In a new report out today from the World Resources Institute, researchers took stock of every country’s progress toward peak emissions thus far, and their commitments to peak emissions in the future. “It’s sort of a glass-half-full, glass-half-empty picture,” says David Rich, a senior associate at WRI and co-author of the new study.

Let’s start with the good news, since it’s so rare in climate coverage today. Rich and his co-author, Kelly Levin, reviewed historical emissions and found that the number of countries whose greenhouse gas emissions have already peaked is on the rise. In 1990, 19 countries had already peaked; by 2000, that number had risen to 33, and by 2010 it was 48—including France (which peaked back in 1991), the Netherlands (1996), Australia (2006), and the United States (2007). “Nearly all of the developed countries have already peaked. That’s an encouraging trend,” Rich says. “People may not know that, based on the current rhetoric, but actually [U.S. emissions] did peak 10 years ago. We’ve made a lot of progress, and our economy has grown.”

Even if every nation meets all the commitments in its Paris Agreement pledges, global emissions are still expected to increase between 2020 and 2030.

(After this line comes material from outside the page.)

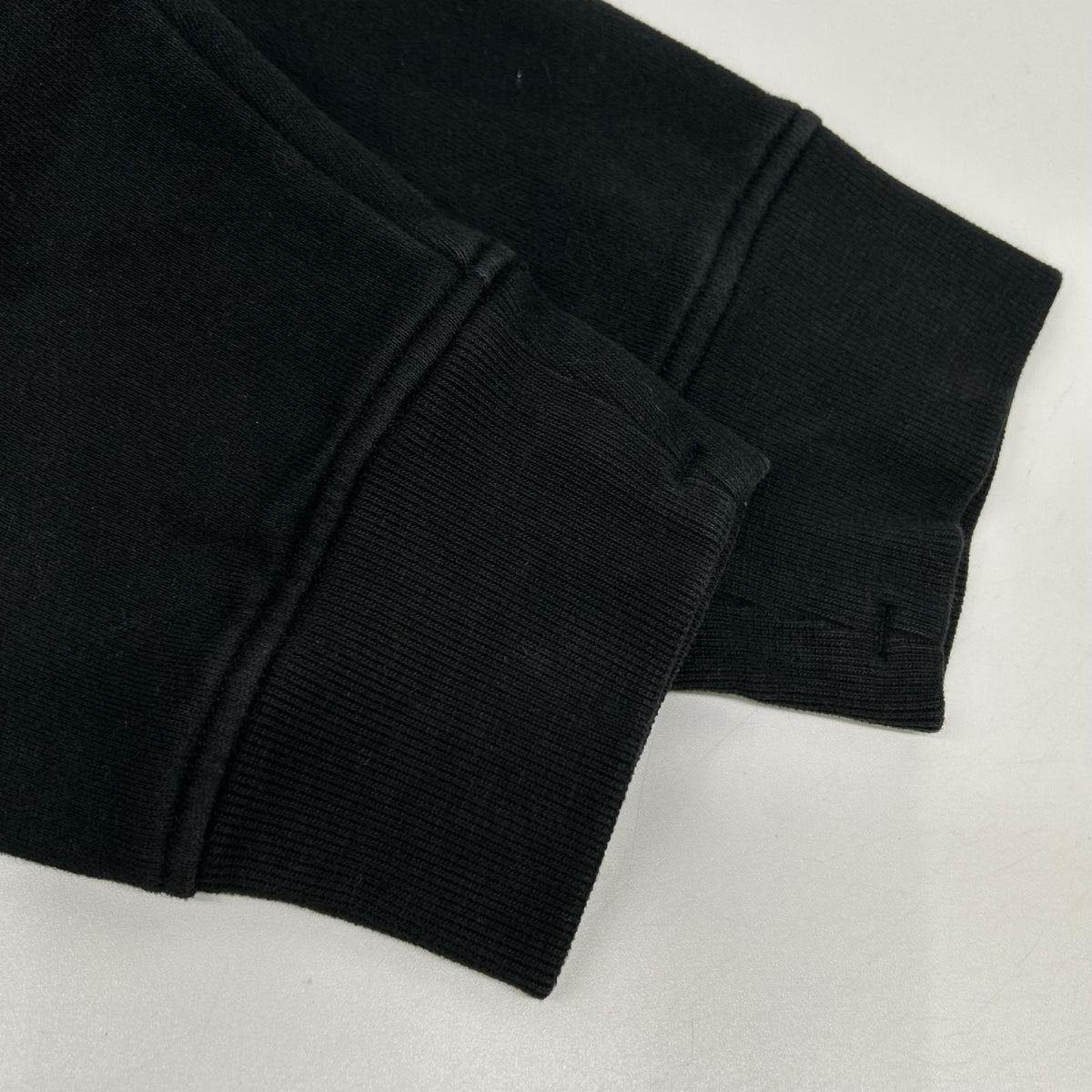 STONE ISLAND ストーンアイランド 24AW 811563420 ブラック Half Zip Sweatshirt ワッペンロゴ付き ハーフジップ スウェット トップス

The team analyzed countries’ future climate pledges under international agreements established in Copenhagen, Cancun, and Paris, and found that another four countries will likely peak by 2020 and then four more by 2030—if they live up to their commitments laid out in INDCs—bringing the total up to 57.*

Still, the total number of countries that have peaked matters less than their share of global emissions. To illustrate: Between 1990 and 2000, the number of countries that peaked grew by 14, but their share of global emissions actually decreased—from 21 percent to 18 percent—over the same period. Sharper emissions cuts by some countries, especially powerhouse emitters, could offset slower peaks by others. By 2010, the 48 countries that had peaked were responsible for 36 percent of global emissions. The countries that have peaked could account for 40 percent of emissions by 2020, and 60 percent by 2030.

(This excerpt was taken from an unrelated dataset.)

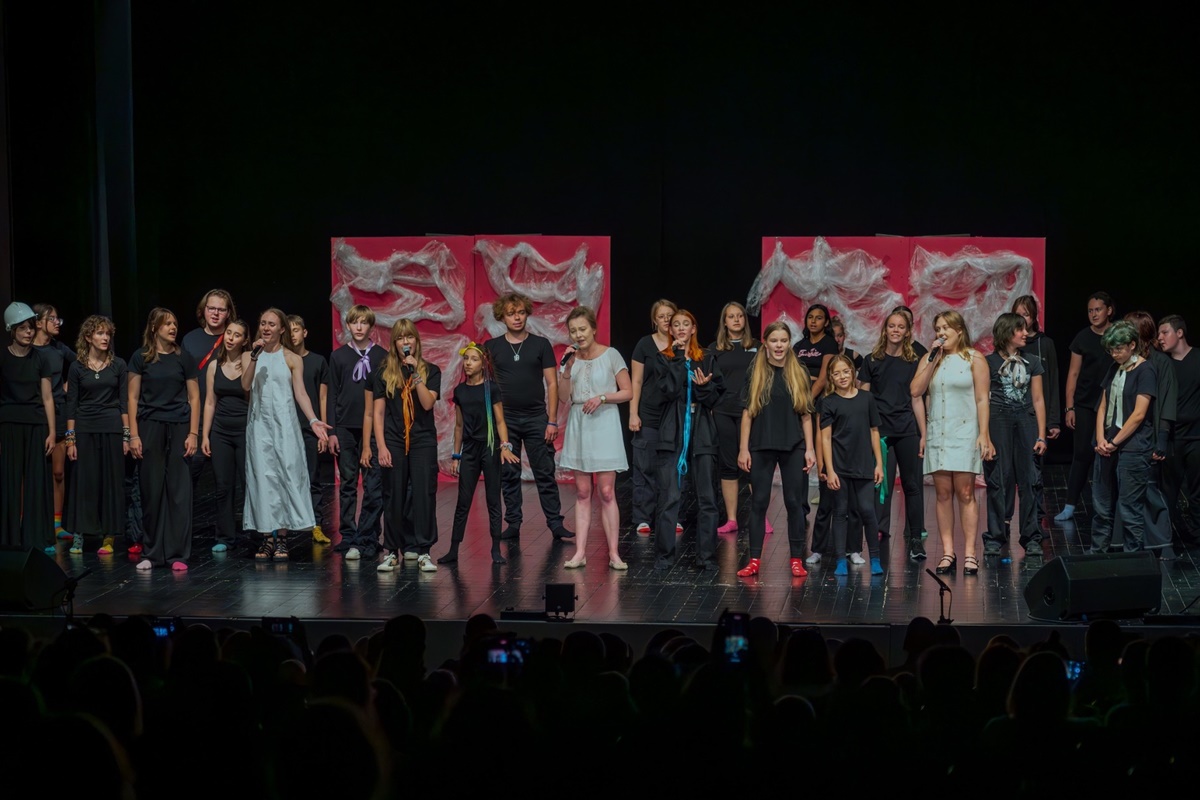 "Eksperyment uczuciowy" w BECEK 28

Of course, that’s assuming that, despite the Trump administration’s best efforts to revive America’s coal and oil industries and the president’s promise to pull the U.S. from the Paris Agreement, U.S. emissions won’t rebound past the 2007 peak.

If we don’t count the U.S., countries that have peaked would account for just 26 percent of global emissions by 2020, down from 40 percent, and just 46 percent in 2030, down from 60 percent. Fortunately, that’s an unlikely scenario: Market forces and commitments from state-, county-, and city-level officials are likely to keep U.S. emissions below 2007 levels, according to Rich and Levin.

Now for the bad news: All this progress is still probably not enough to limit warming to less than two degrees over pre-industrial levels. “The global picture is still not good,” Rich says. “Global emissions need to peak in 2020 for what’s called the least-cost likely chance of meeting the two-degree global temperature target, and we’re not on track for that.” Even if every nation meets all the commitments in its Paris Agreement pledges, global emissions are still expected to increase between 2020 and 2030. That doesn’t necessarily mean that the goals of the Paris Agreement are totally out of reach, but it will be a lot harder—not to mention more expensive—to get there. Global emissions can peak later, but it means countries will have to decarbonize faster, and may have to rely on as-yet unproven carbon-capture technologies to limit global warming to safe levels.

And this is where the U.S.’s waffling on climate action could really be a burden. It’s too soon to tell what effect the current administration’s climate policies—or lack thereof—will have on U.S. emissions reductions. But given that the U.S. is second only to China in terms of annual emissions, reneging on its pledge to cut its emissions by another 26 to 28 percent below 2005 levels by 2025 could seriously delay the global emissions peak.

Rich hopes these findings can serve as “another push to ramp up ambition and ramp up mitigation across both developed and developing countries so we can meet the global temperature goal.”

UPDATE—November 2nd, 2017: This post has been updated to reflect fuller data on the number of countries approaching peak emissions.